▶ **RECORDS SUPPLIED**:
================

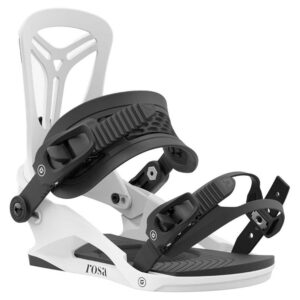 Union Binding Rosa Woman Snowboard Bindings Plateado S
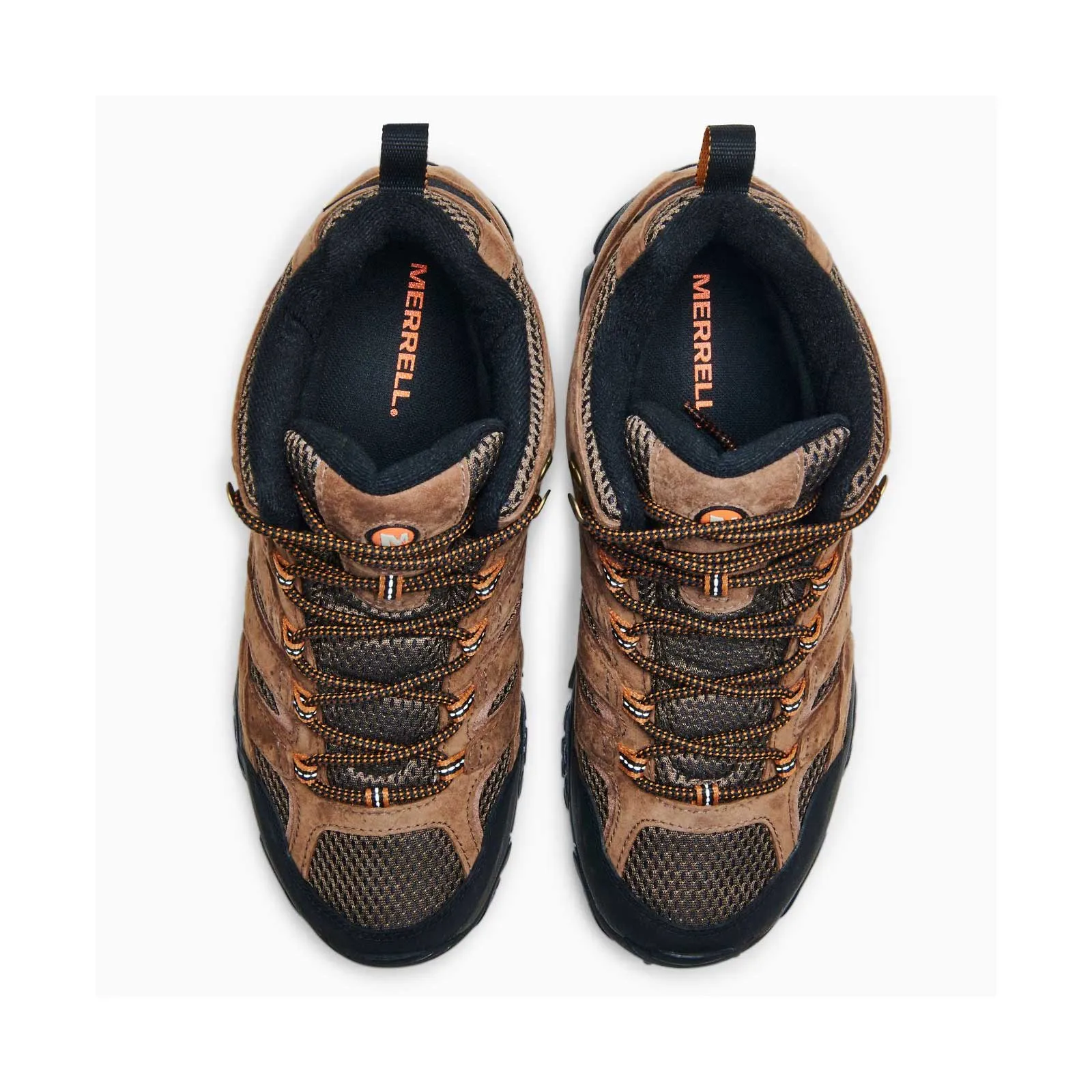Merrell Men's Moab 2 Mid Waterproof Wide Hiking Boots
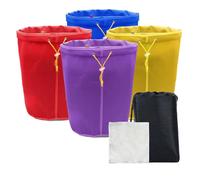 Set Di 4 Sacchetti Filtro Sacchetto Filtro E Sacchetto Di Stoccaggio Per Piante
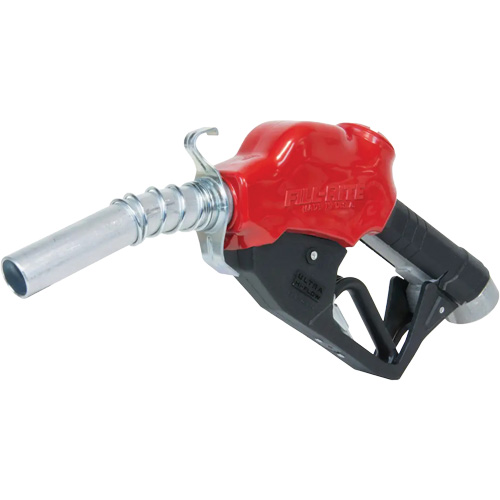 Pistolet automatique rouge &agrave; tr&egrave;s haut d&eacute;bit pour diesel Helyx Safety & Industrial Supplies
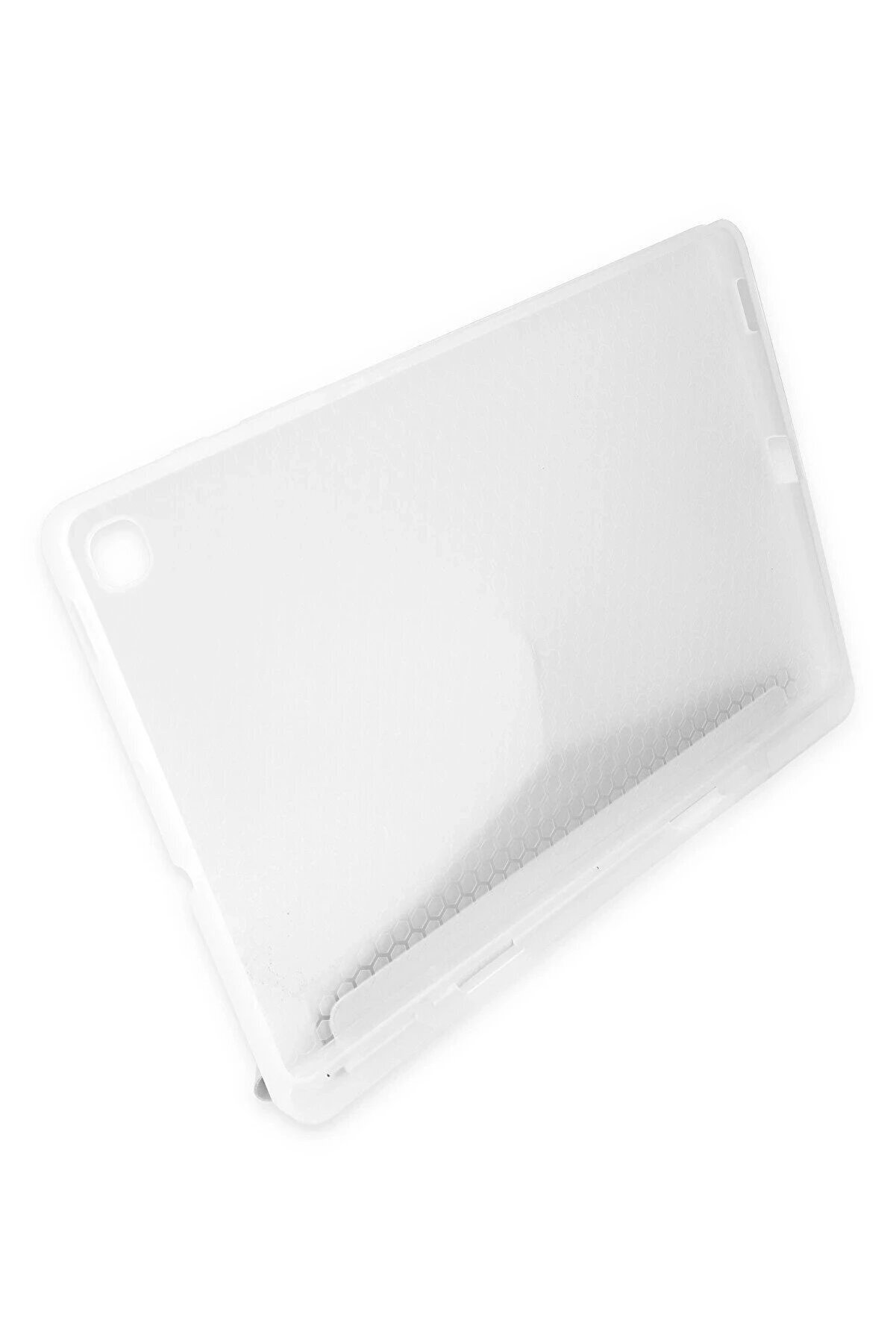 Xi̇aomi̇ Redmi̇ Pad Se Kılıf Kalemli̇kli̇ Mars Tablet Kılıfı - Gri̇ - Dropx1440-7698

================

Output the entries above exactly as given, but strip out the pictures.

▶ **SOLUTION**:
 Union Binding Rosa Woman Snowboard Bindings Plateado S
Merrell Men's Moab 2 Mid Waterproof Wide Hiking Boots
 Set Di 4 Sacchetti Filtro Sacchetto Filtro E Sacchetto Di Stoccaggio Per Piante
 Pistolet automatique rouge &agrave; tr&egrave;s haut d&eacute;bit pour diesel Helyx Safety & Industrial Supplies
 Xi̇aomi̇ Redmi̇ Pad Se Kılıf Kalemli̇kli̇ Mars Tablet Kılıfı - Gri̇ - Dropx1440-7698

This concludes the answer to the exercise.